I met guys who fought at Dien Bien Phu, retirees and the badly mangled bartender at the officer’s club of a French SOF unit, and one NCO who was still on active duty.
Interesting; I wonder how many had to fight in round 2 of the colonial wars (in Algeria from 1954 to 1962, with no American help). Many French veterans fought directly against Algerians they had fought alongside in Indochina.
They thought they’d hang on to Algeria by designating it a regular province of France itself, but still only had about 10% of the population actually French. When de Gaulle agreed to independence, army units revolted (to no avail). As they abandoned French civilians and Algerian troops who supported them (”Harkis”), many French officers ignored orders and evacuated some Algerians and their families, knowing they’d be subjected to reprisals (and plenty were).
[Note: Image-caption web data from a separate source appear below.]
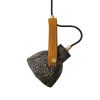 Pera Ceramic Pendant with Rescued Fire Hose Strap, Black Clay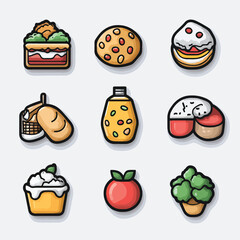 2D Food Line Icons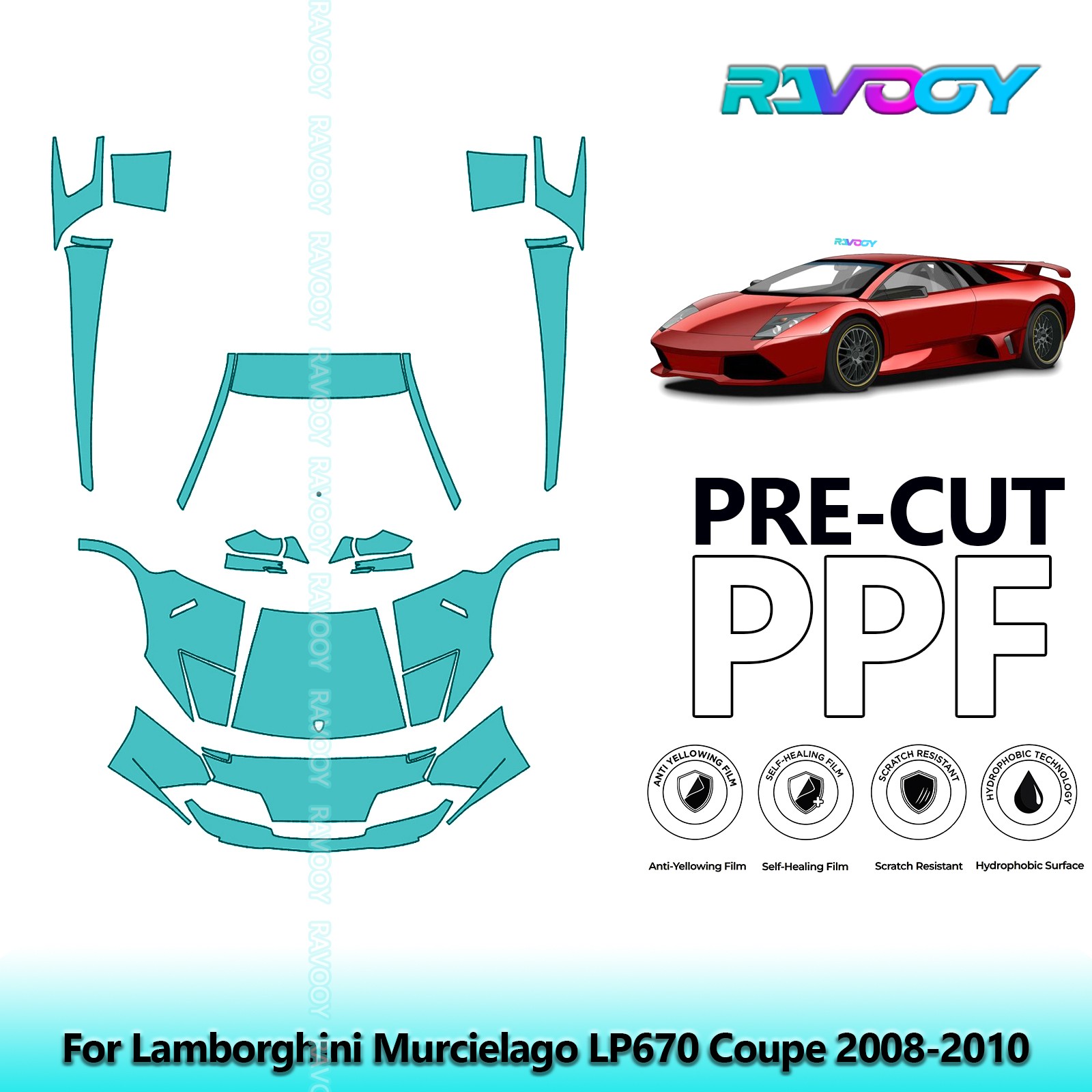 Paint Protection Film PPF For Lamborghini Murcielago LP670 Coupe 2008-2010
Post-colonial Africa was a mess, and I sympathize with anyone who was duped (or who had ancestors who were duped) into settling those colonies. I believe they had a good life for generations, but in the end it was all left behind - whether the colony was French, British, Portuguese, Belgian - didn’t matter. Most left with little more than the clothes on their backs, and some left after losing loved ones trying to hold on in long, fruitless wars (French, Portugues, Rhodesian/British). France and Portugal in particular were hard pressed to accommodate the returning nationals, initially housing them in camps while trying to integrate them back into the home country’s economy.